The magnitude of this threat depends heavily on how much the oceans rise in the coming decades. But because of the complex dynamics of massive ice sheets in Greenland and Antarctica, exact estimates remain elusive, ranging from just over a foot to several feet above current levels. That disparity is the difference between tens of millions of people forced from their homes or a much more unmanageable hundreds of millions displaced.

In the most recent report from the U.N.’s Intergovernmental Panel on Climate Change (IPCC AR5), the median sea-level rise projections by the end of the century range from 16 inches for a low-end warming scenario to 2 feet for a high-end scenario (compared to the average sea level from 1986-2005). The estimates also come with a large degree of uncertainty, which pushes the top bound of likely sea-level rise above 2 and a half feet.

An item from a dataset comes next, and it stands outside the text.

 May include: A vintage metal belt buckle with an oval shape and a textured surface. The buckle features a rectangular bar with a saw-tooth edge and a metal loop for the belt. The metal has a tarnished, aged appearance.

The new paper, titled “Twenty-first century sea-level rise could exceed IPCC projections for strong-warming futures,” takes issue with that upper estimate, saying it is likely too low. The paper was published by a who’s who of the most well known glaciologists and sea-level rise experts, including Martin Siegert, Richard Alley, Eric Rignot, John Englander and Robert Corell.

John Englander is a co-author of the paper and author of the books “High Tide on Main Street” and the soon-to-be-released “Moving to Higher Ground: Rising Sea Level and the Path Forward.” He says this paper is a reaction to a “chorus of concern in the scientific community that the projections for rising sea level were understated.”

In a Zoom conversation with CBS News, Englander illustrated that sea-level rise contribution from Antarctica, by far Earth’s largest ice sheet, does not increase from a low-end warming scenario to a high-end warming scenario in the IPCC’s latest report — but in the real world it should. While the possibility of significantly higher sea-level rise due to Antarctica is mentioned in a footnote, it is by no means front and center. Englander explains that in a high-end warming scenario, obviously Antarctica’s ice melt should contribute more to sea-level rise than in a low-end warming scenario, but that is not reflected in the report.

Another paper published in Nature this week makes a similar case, focused on the evidence from Greenland. Employing the latest models used to inform the next IPCC report, the authors found that in a high-warming scenario Greenland may contribute an extra 3 inches to sea-level rise by the end of the century, when compared to the former version of models used by the IPCC. This extra sea-level rise is due to an additional 2 degrees Fahrenheit of warming projected by the new climate models in the Arctic.

A big concern of Englander’s for our future is the non-linear behavior of sea-level rise. In recent years the pace of sea-level rise has been accelerating. In the 1990s the oceans rose at about 2 millimeters per year. From 2000 to 2015 the average was 3.2 millimeters per year. But over the past few years the pace has quickened to 4.8 millimeters per year.

At the current pace, we can expect at least 15 more inches of sea-level rise by the year 2100. But, as has been the case for the past few decades, the pace of sea-level rise is expected to continue to increase for the foreseeable future. So, 15 inches is not only a lower bound, it is also extremely unlikely.

Adding confidence to the paper’s warning that IPCC projections for a strong warming scenario may be too low, is the evidence that sea-level rise has been running on the high end of IPCC projections for decades.

Historically speaking, simple math reveals that for every degree Fahrenheit the Earth warms, sea-level eventually rises by an astonishing 24 feet. Considering that Earth has already warmed 2 degrees Fahrenheit since the late 1800s, we know that substantial sea-level rise is already baked in, regardless of whether we stop global warming. Scientists just don’t know exactly how long it will take to see the rise or how fast it will occur. But using proxy records, glaciologists can see that as we emerged from the last Ice Age, sea level rose at remarkable rates — as fast as 15 feet per century at times.